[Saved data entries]
:::

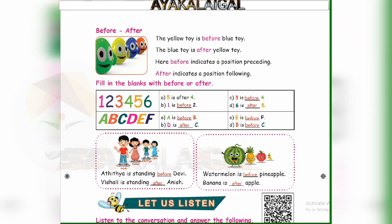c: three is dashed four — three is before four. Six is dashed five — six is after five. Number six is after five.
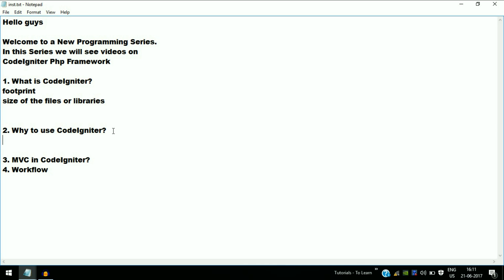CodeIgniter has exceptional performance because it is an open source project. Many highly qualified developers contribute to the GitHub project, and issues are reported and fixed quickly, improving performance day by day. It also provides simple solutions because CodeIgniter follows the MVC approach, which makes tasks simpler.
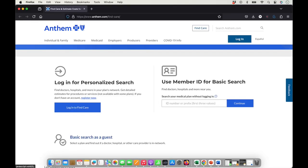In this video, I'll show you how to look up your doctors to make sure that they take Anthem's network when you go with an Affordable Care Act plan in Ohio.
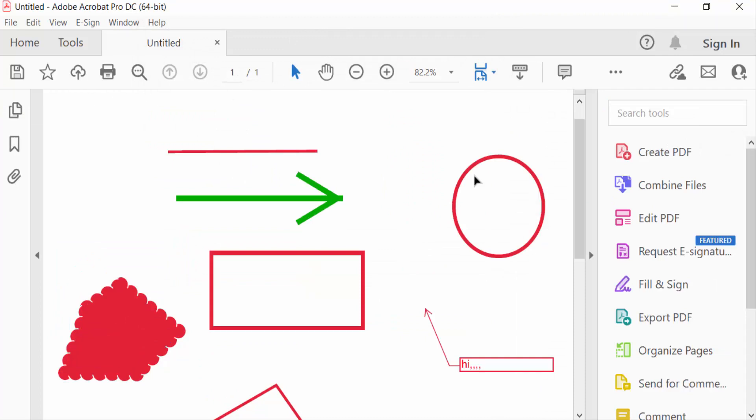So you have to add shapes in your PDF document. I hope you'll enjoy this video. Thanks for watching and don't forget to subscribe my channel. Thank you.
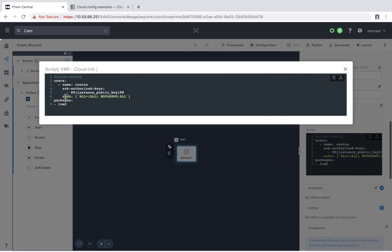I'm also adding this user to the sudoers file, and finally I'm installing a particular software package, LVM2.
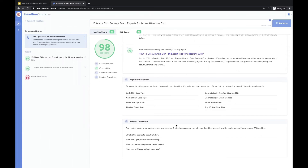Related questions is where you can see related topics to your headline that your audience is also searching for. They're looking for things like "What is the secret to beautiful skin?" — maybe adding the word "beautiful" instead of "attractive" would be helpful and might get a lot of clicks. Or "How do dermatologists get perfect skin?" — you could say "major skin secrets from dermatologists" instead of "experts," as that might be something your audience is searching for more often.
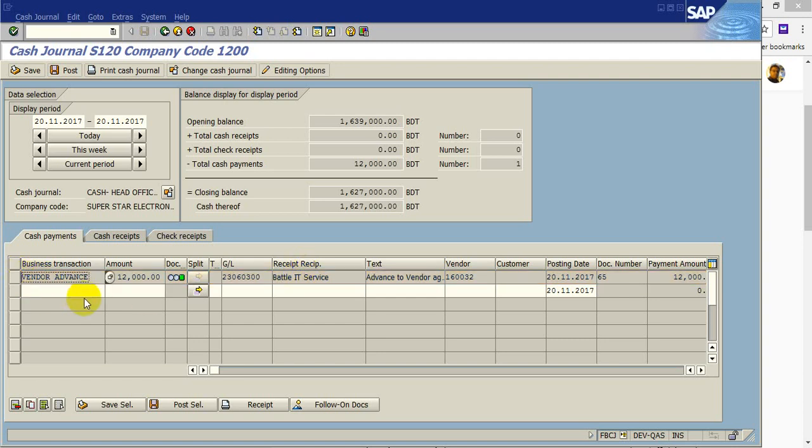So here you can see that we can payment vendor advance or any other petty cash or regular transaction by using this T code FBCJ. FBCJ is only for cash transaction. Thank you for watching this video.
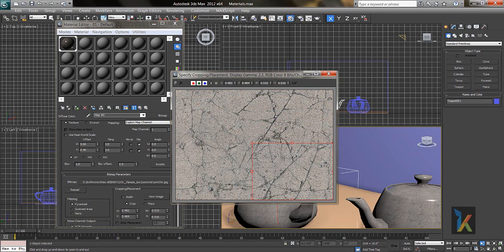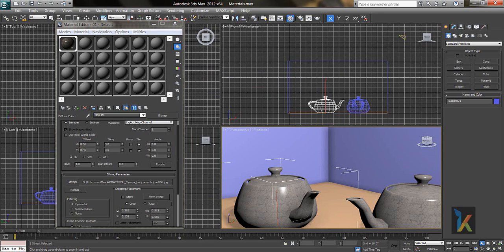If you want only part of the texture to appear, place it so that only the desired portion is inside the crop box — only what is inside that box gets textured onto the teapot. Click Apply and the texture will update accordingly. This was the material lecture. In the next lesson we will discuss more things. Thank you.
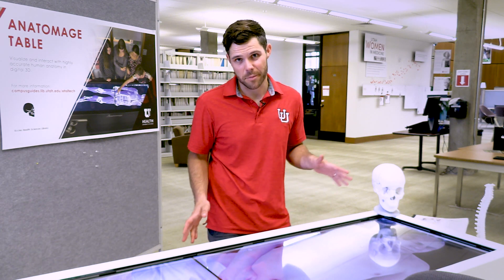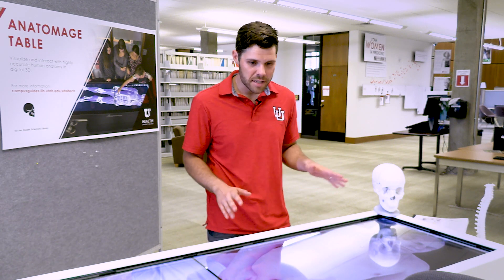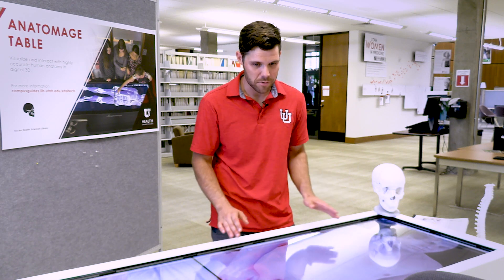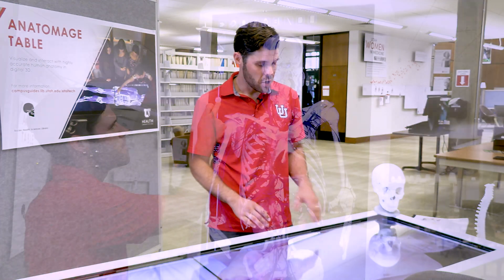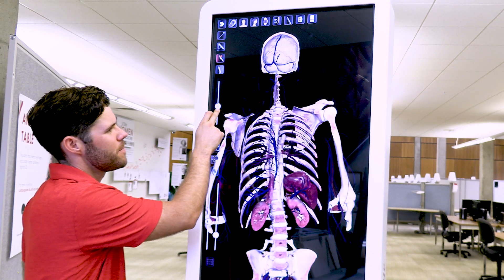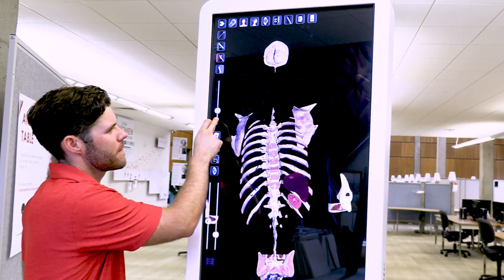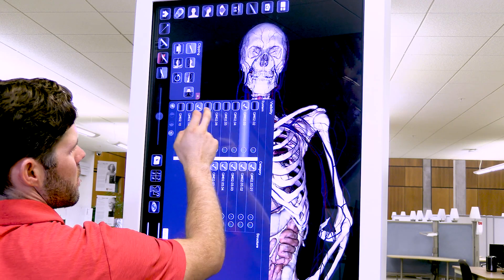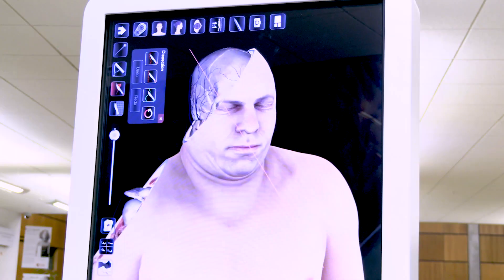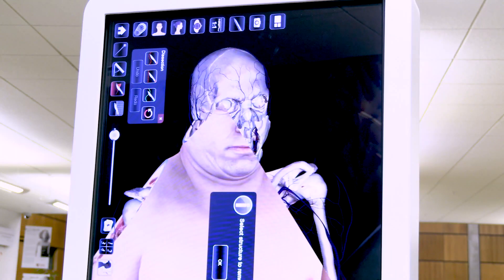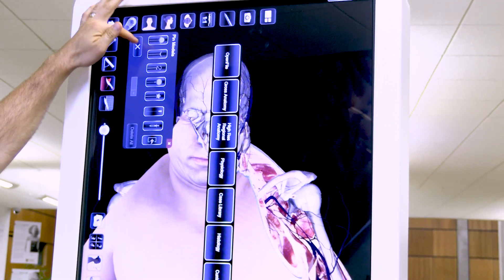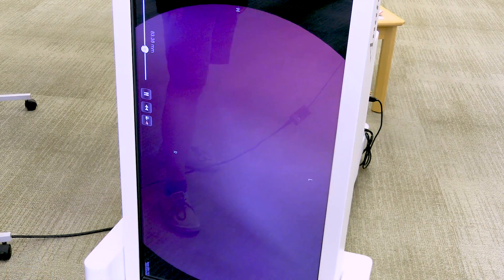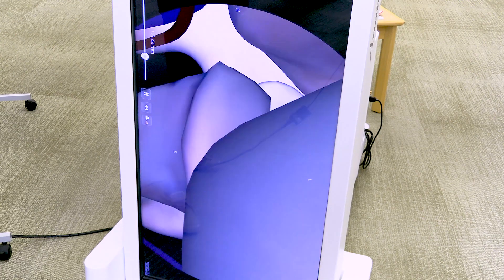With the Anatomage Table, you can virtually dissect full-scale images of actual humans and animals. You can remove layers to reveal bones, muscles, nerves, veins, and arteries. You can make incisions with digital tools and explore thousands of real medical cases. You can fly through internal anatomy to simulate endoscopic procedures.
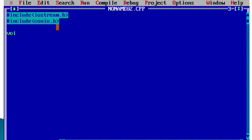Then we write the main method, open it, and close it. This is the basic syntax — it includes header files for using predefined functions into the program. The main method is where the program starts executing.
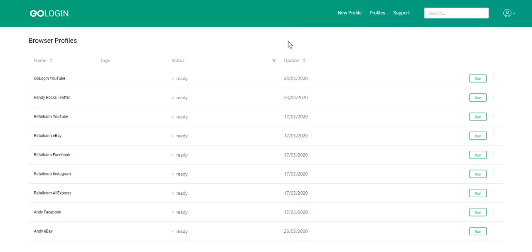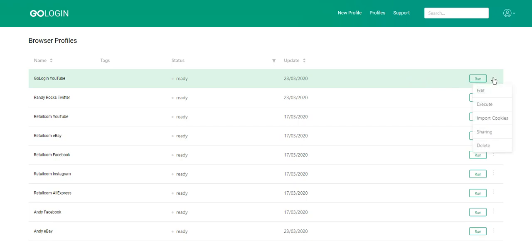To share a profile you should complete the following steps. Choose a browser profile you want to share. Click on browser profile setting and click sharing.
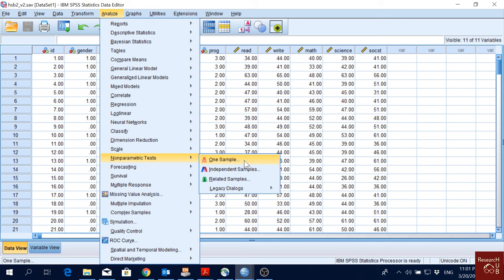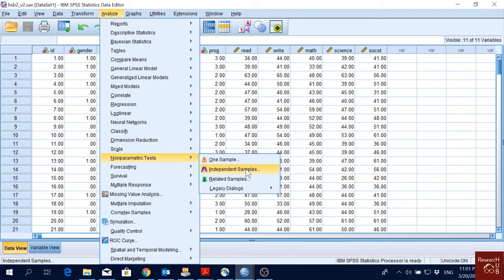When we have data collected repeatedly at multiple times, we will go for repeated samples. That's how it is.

:::

**PROBLEM TO SOLVE**
The copy should begin at the line containing "With the Anatomage" and end at the last line of the data above; please restate those lines word for word without the pictures.

**RESULT FOR THIS EXERCISE**
With the Anatomage Table, you can virtually dissect full-scale images of actual humans and animals. You can remove layers to reveal bones, muscles, nerves, veins, and arteries. You can make incisions with digital tools and explore thousands of real medical cases. You can fly through internal anatomy to simulate endoscopic procedures.
Then we write the main method, open it, and close it. This is the basic syntax — it includes header files for using predefined functions into the program. The main method is where the program starts executing.
To share a profile you should complete the following steps. Choose a browser profile you want to share. Click on browser profile setting and click sharing.
When we have data collected repeatedly at multiple times, we will go for repeated samples. That's how it is.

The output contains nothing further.